Contact me at [email protected] & I will send you some charts.

I am at Temple, Tx

I have published my information numerous times on Hay Talk & I have never seen anyone acknowledge.


----------



## RCF (Sep 14, 2009)

We cut lots of Tifton 85 for hay and use flail conditioners. You can tell the difference using flail conditioners but, you got to set them tight which people don't like doing since it takes more HP to mow.


----------



## hay-man (Oct 6, 2012)

Do you think the flails knock a day off of drying time?


----------



## broadriverhay (Jun 13, 2014)

I hope so I just bought a MOCO 630 for the same reason.


----------



## RCF (Sep 14, 2009)

hay-man said:


> Do you think the flails knock a day off of drying time?


We believe so.


----------



## somedevildawg (Jun 20, 2011)

broadriverhay said:


> I hope so I just bought a MOCO 630 for the same reason.

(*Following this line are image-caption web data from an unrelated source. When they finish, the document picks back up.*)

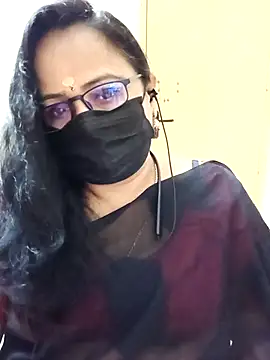 monisha cam online show from April 2026 06:04:02 PM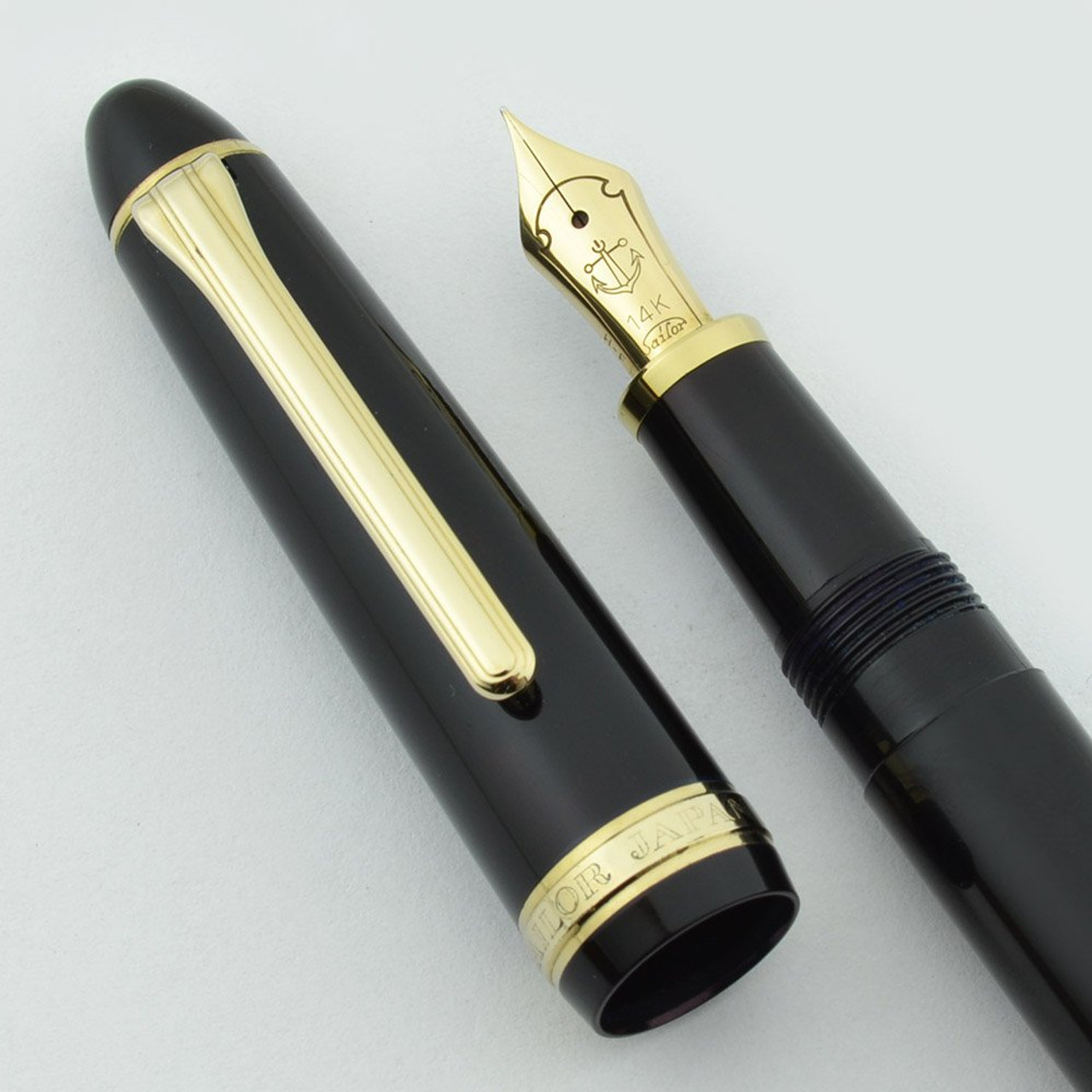 Sailor 1911 Fountain Pen - Standard Size, Black, H-F 14k Nib (Near Mint)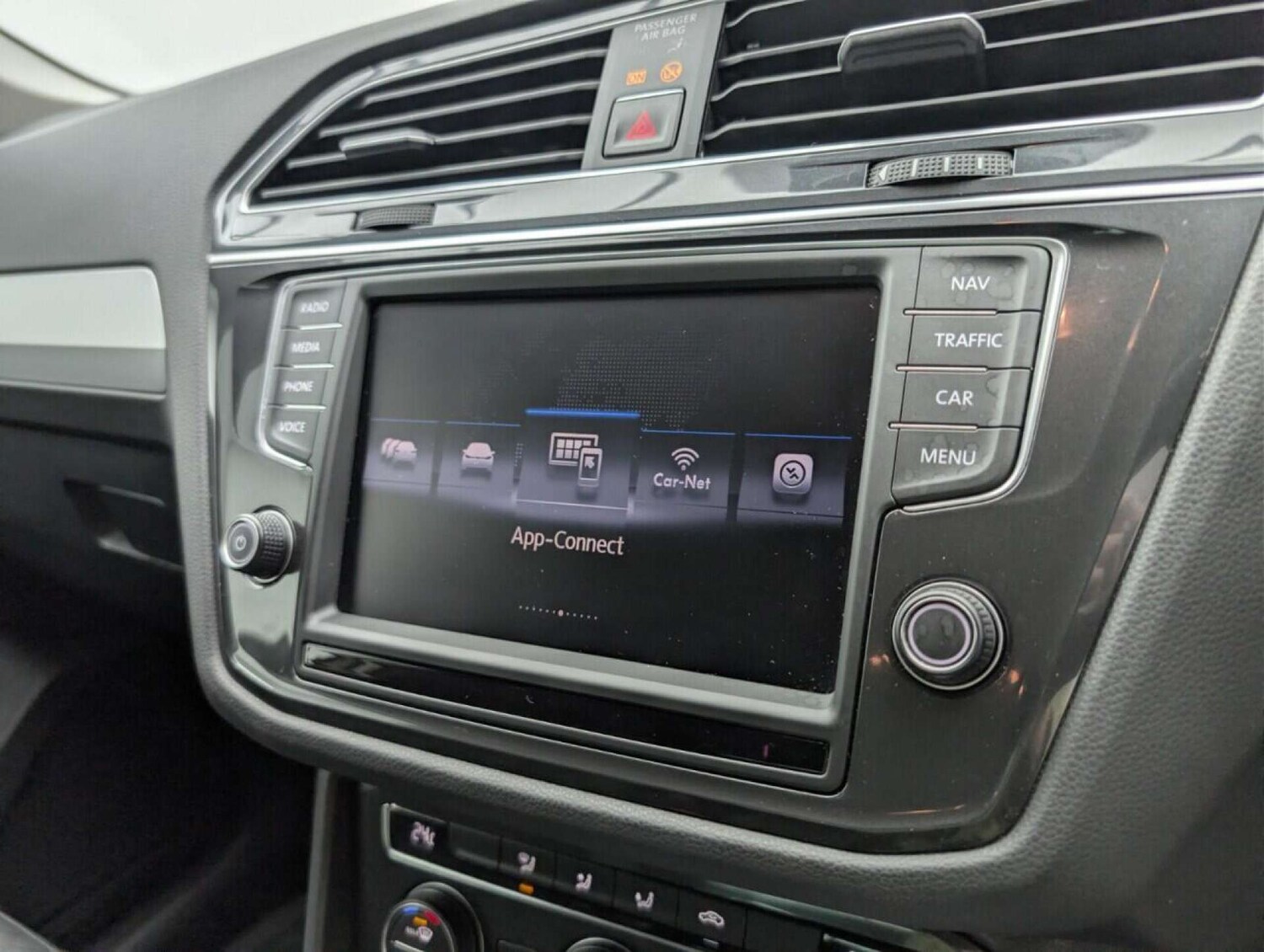 Used Volkswagen Tiguan 2016 for sale - 77713577: Photo 15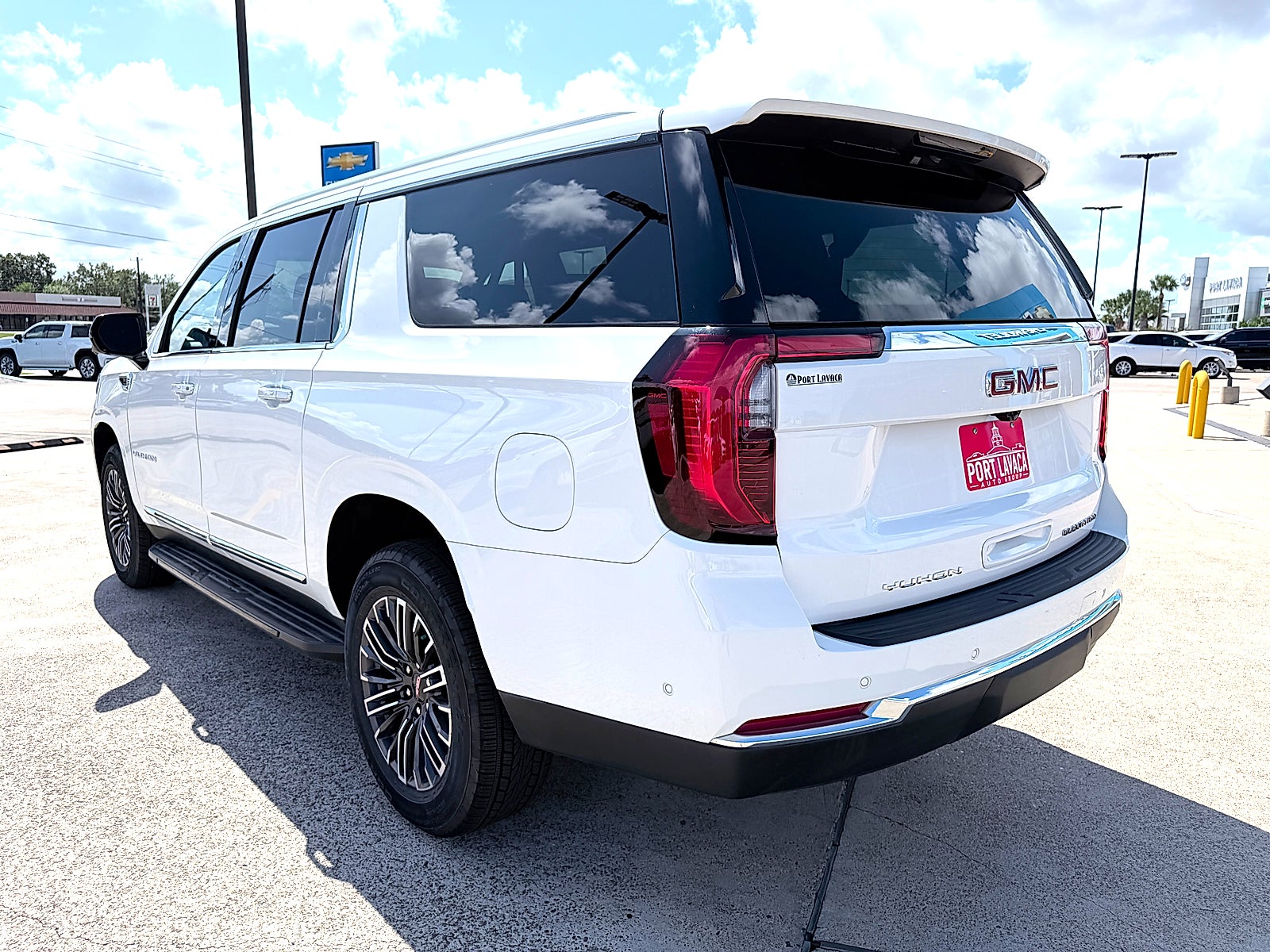 2026 GMC Yukon XL Elevation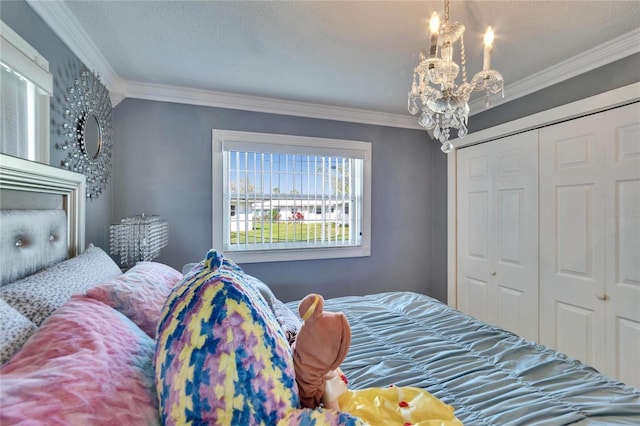 bedroom with a textured ceiling, a closet, a chandelier, and crown molding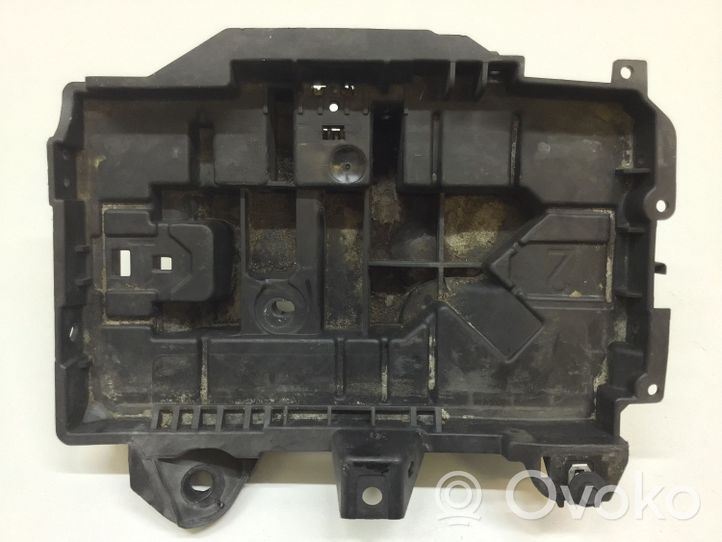 Jeep Cherokee Akumuliatoriaus tvirtinimo padas 68186053AA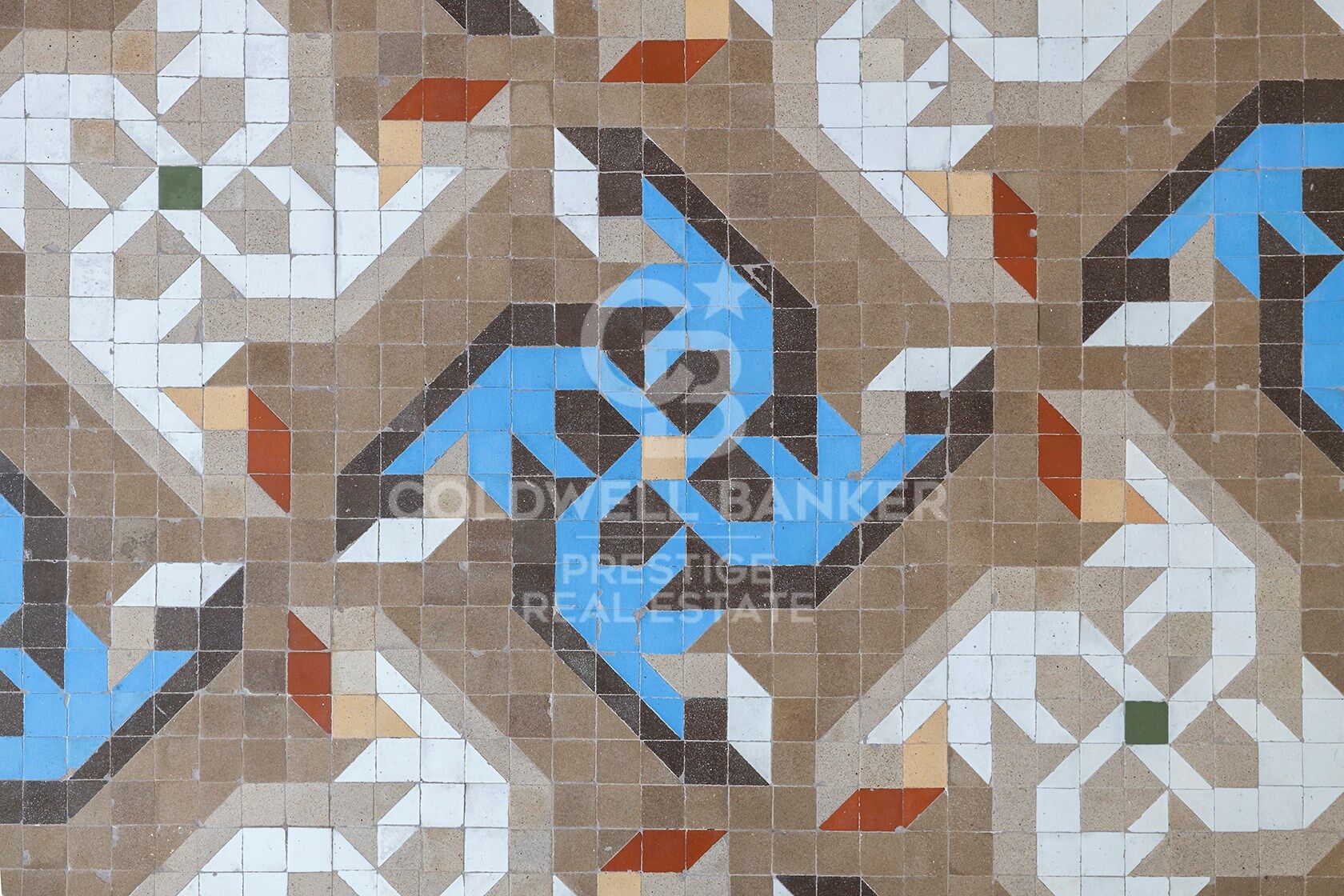 Last penthouse facing the Port of Barcelona.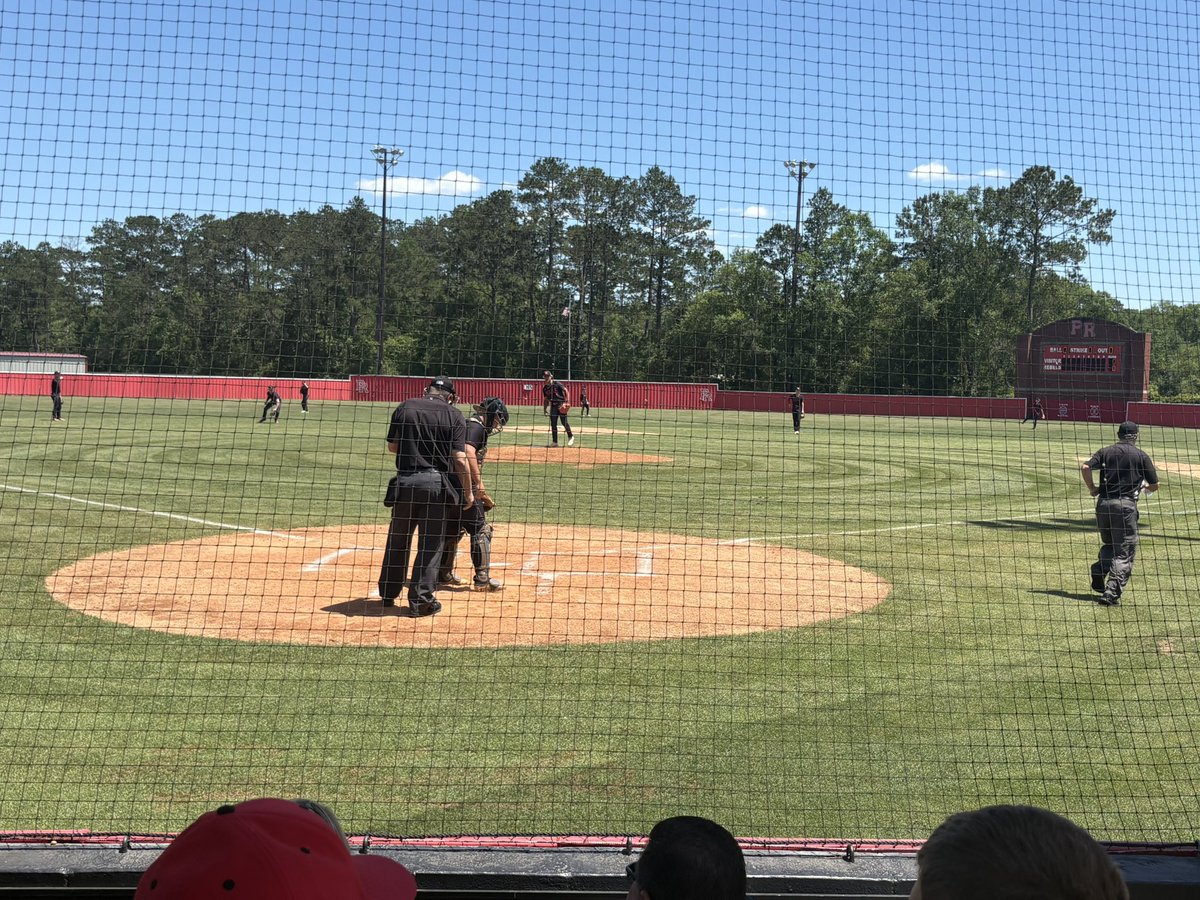 Curly022's tweet photo. Sunday HS Baseball in Louisiana!  Lakeshore HS and Eagle Commit Mason Maldonado in action.  Game Three!  80 and Sunny in Pearl River, LA.! https://t.co/lKr4nGP1Q3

I just received mine from Iowa today! (Actually it came in last week but had to be assembled) I cut 6 acres this evening with it, can't wait to try it out in some thick 85.....we will see......


hay-man said:


> Are any of you using conditioners to accelerate drying and if so what type, and how well does it work?
> I make small squares mainly for the horse market so the faster I can get it in the barn the better. I currently cut with 3 point disc cutter after dew burns off, Ted that afternoon, sometimes Ted again second afternoon depending how thick it is and normally bale on day 4. I use a v rake, and start raking right in front of the baler.
> I am located just north of Houston and it is humid, with heavy dews most nights. Normally the dew doesn't burn off completely till about 11:30. I have thought about cutting at dawn, or maybe even pre-dawn but the grass is very wet with dew at this time, not sure if that would hurt or help.
> From what I hear a flail conditioner might help, but some say it won't. I would like to be able to bale on day 3 if I could. Any suggestions would be greatly appreciated. Thanks!


I think it will, here's my rational......it ain't gonna dry until its cut.....the faster it gets cut the faster it drys down. I would wait for the dew to burn off 11ish....run wide open (meaning the doors and the machne, spreading it as wide as possible) i would ted right behind the machne, until about 4 or so......day 2 I would Ted after the dew wore off......day 3 I would Ted again.....rake about 3 and square a bale and check content. In thick grass it's gonna be tough.....rank grass it will be impossible. Good luck, the moco is definitely a step up, it will lay down some grass in a hurry


----------



## Troy Farmer (Jul 31, 2011)

I helped manage a company hay site where we contracted the haying to custom operators. This site has a thick stand of rye for first cutting in the spring and coastal Johnson grass mix in the summer. One contractor we used ran two krone conditioners with flails. Either he did not have the machines set right, or the flails were useless. Another contractor ran a new holland with roll conditioners. There was a distinct difference in hay dry down. If I buy a conditioner it will definitely be a roll machine. I do realize that the operator makes a difference. Just for me I would rather have the rolls.


----------



## hay-man (Oct 6, 2012)

Thanks for all the info! That is ironic about the krone conditioner, I was just about to ask how they performed there is one for sale at a good price nearby. Anyone else have experience with krone flail conditioners? I know most of their products are top notch but not many of them down here.
Also has anyone tried cutting at different times in the day? Do you think there are any ill effects to cutting with morning dew still on?


----------



## hay wilson in TX (Jan 28, 2009)

There are two ways out of the plant for the moisture.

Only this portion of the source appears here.